Banning sleep will just pointlessly ruin and neuter other pokemon. No other generation has a problem with the sleep clause thing (except 5, but the sleep mechanics were totally broken, so that doesnt really count), so why should it be a problem now? Its effectively only darkrai abusing here, and it seems like a simple solution. Make a suspect test to ban darkrai. (frankly it shouldn't have ever had the chance here to begin with)
 
Please actually point this stuff out in gen 9 OU (so nothing like freeze clause in older gens and whatever gross shit Gen 1 has because the playerbase was too entrenched and dumb to ban Counter) that is the same as Sleep Clause. And HP percentage isn't a valid answer because it is a thing that can be done in a battle between two people through methods such as an impartial third party that aren't forcing a cart/game modification (hell, we have other clauses that are self-enforcing anyway).

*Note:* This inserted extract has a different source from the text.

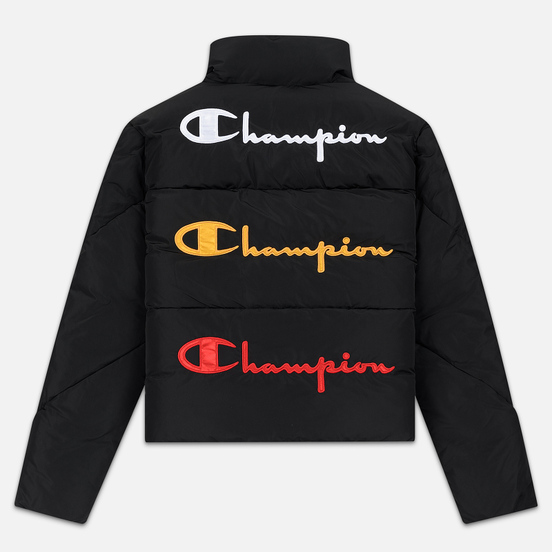 Женский пуховик Champion Reverse Weave Back Script Puff Black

Thats like, the one big reason that Zarel was fine with letting it stay from what I can recall considering they were a big proponent of making the pixel counting the only way of counting HP. Sleep Clause is the only current Gen thing that direcly flies in the face of this by being 100% impossible to replicate in a cartridge setting
Cancel button. Just sayin. That whole point was probably the least important from that whole post tho tbh
 
Sleep Clause Mod is a dinosaur of a mechanic that should be removed out of principle. And if you’re gonna remove that, I guarantee nobody wants to play in a meta where Amoonguss is sleeping half your team, so the natural conclusion is to just ban all sleep moves. I’ve felt this way for the past decade or so I’ve been following competitive singles and none of it has to do with Darkrai. Just get rid of the mechanic instead of grandfathering in a mod that has no business existing outside of the Stadium games it was introduced in.
 
I personally don’t feel like sleep is any more uncompetitive than paralysis since they’re both RNG mechanics. Sure, paralysis has other utility but it still brings with it RNG side effects, Based on that alone, i don’t see how you can target one mechanic but allow the others that have RNG concepts attached to them. But that’s just me.

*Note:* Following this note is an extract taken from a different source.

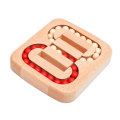 Wooden Rolling Ball Bead Toy Fingertip Magic Rotating Cube Toys Prevention Alzheimer`s Disease Adult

If sleep is an issue because of a move’s unpredictability like hypnosis accuracy, then i’d target that move specifically rather than sleep as a mechanic. At least with the spore users, you already know what’s going to happen and it’s guaranteed to happen so you can adjust and play accordingly.
 
Cancel button. Just sayin. That whole point was probably the least important from that whole post tho tbh
Was the most important part the badly formatted quoting of the tiering policy shit you did? Or trying to act like banning sleep requires it sleep to be having cataclysmic levels of meta ruining power in order to be a legitimate thing to discuss? Because neither one of those are very good points either lol
 
I agree with the arguments about the cartridge, although it's not a dealbreaker.

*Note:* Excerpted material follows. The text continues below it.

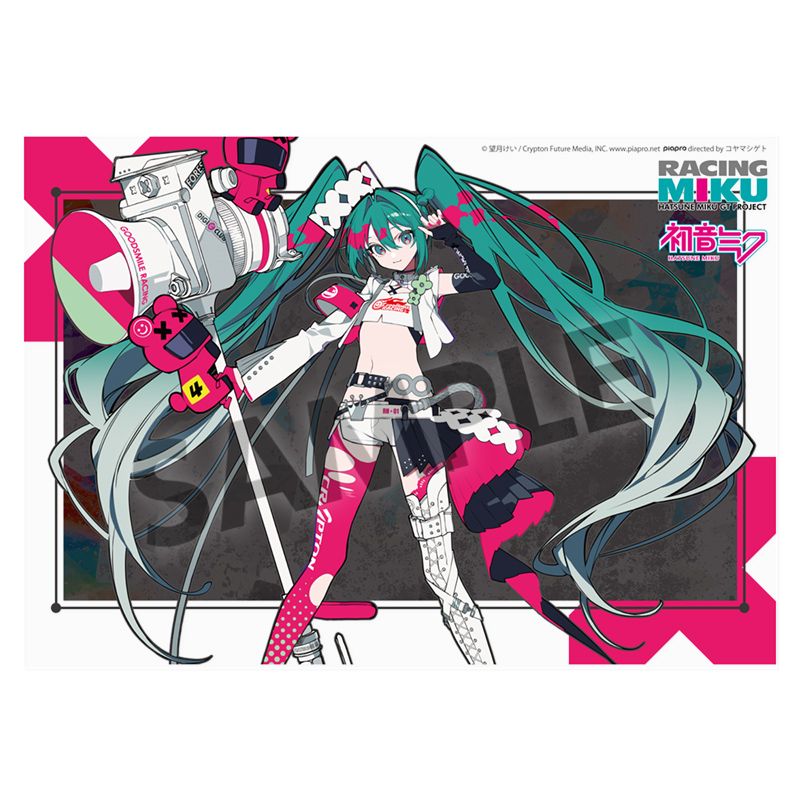 レーシングミク 2025_キービジュアル1 Ver. ビジュアルアクリル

The uncompetitive arguments fall apart if you don't argue against banning paralysis. Here, you can compare the numbers between sleep and paralysis: https://www.smogon.com/forums/threads/views-from-the-council.3733223/post-9928082.

I would prefer consistency across generations, so my preferences would be:
  1. Remove the sleep clause mod and ban sleep-inducing moves in all generations;
  2. Stay as it is - keep the sleep clause mod in all generations (except Gen 5 where sleep is banned);
  3. Ban sleep in Gen 9.
It just bothers me to have this generation different from the others. BW is a different case because of the sleep mechanics.
 
Rng is a part of Pokémon but as seen with the sand veil, kings rock ban back in SS. Aspects that add nothing except for an uncompetitive rng check to the game should be banned. Sleep falls into this, while incapacitating a Pokémon is fine the uncompetitive aspect falls into the 1-3 turns it takes to wake. Amoongus has done this since release but I’m glad darkrai made sleep ban be a topic. I would also like to look into Quick Claw/ Quick Draw/ Focus Band for similar reasons
 
To echo a sentiment that was expressed in an older Policy Review thread, the "we should be cart accurate" argument is a bit misleading. For example, Showdown's HP bars historically have not been cart accurate (see Zarel's thread and Stratos' thread on the topic here). To summarize, Showdown does HP in percentages while the cartridge does them in fractions of 48th. On cart, moves like Stealth Rock damage, Substitute HP cost, and Leftovers recovery cleanly modify the HP bar by 1/8, 1/4, or 1/16, respectively. The percentage format on Showdown means that we end up with rounding errors (6.25%, 12.5%, 33.3%) that has led players to pursue weird EV spreads that exploit this difference (e.g. Leftovers number, 24% HP Substitutes, HP numbers that minimize SR damage on Showdown). Do you feel dirty using weird EV spreads to exploit the simulator's algorithm?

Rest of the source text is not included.